■ Task to complete ■
Go to the line with "Pro Wax June" in the records below, then output it and each following line exactly, up to and including the line with "EMME MARELLE Blazer croisé". Skip pictures and add nothing.
** Opening Task data block **
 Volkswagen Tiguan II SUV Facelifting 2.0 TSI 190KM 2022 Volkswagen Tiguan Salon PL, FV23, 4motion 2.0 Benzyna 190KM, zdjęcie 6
** Closing Task data block **
** Opening Task data block **
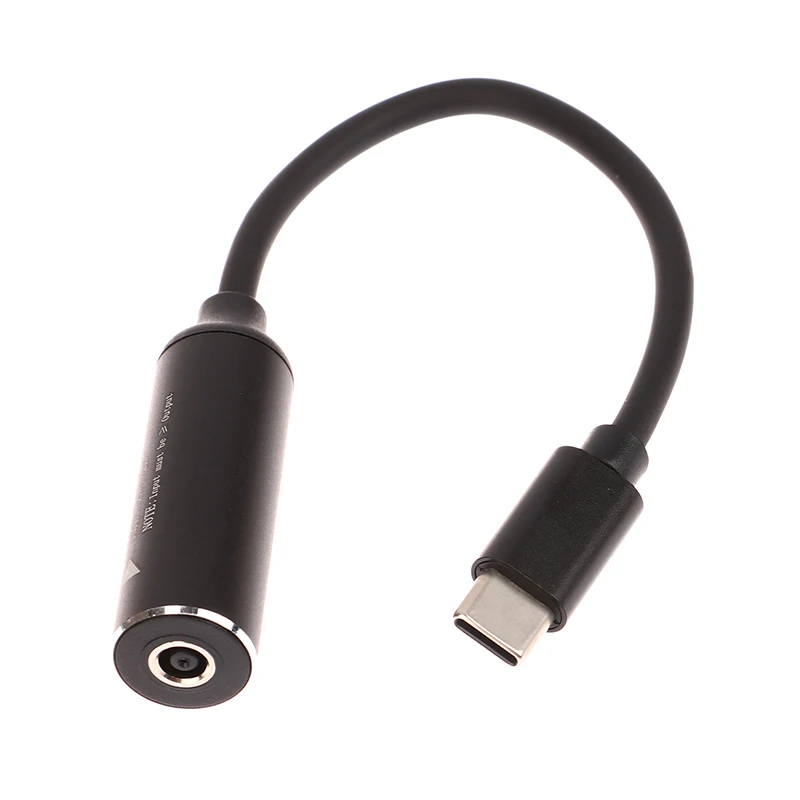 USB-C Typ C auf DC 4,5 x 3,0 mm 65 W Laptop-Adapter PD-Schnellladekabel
** Closing Task data block **
** Opening Task data block **
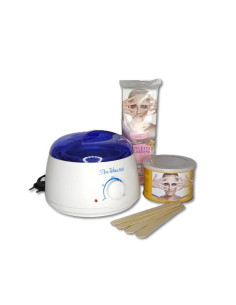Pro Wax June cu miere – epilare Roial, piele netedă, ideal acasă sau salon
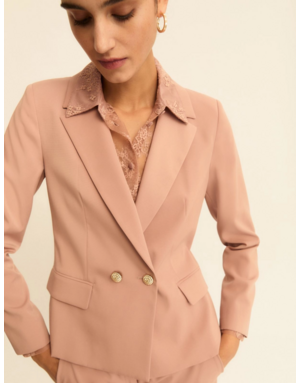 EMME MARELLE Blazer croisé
** Closing Task data block **
■ Solved exercise ■
Pro Wax June cu miere – epilare Roial, piele netedă, ideal acasă sau salon
 EMME MARELLE Blazer croisé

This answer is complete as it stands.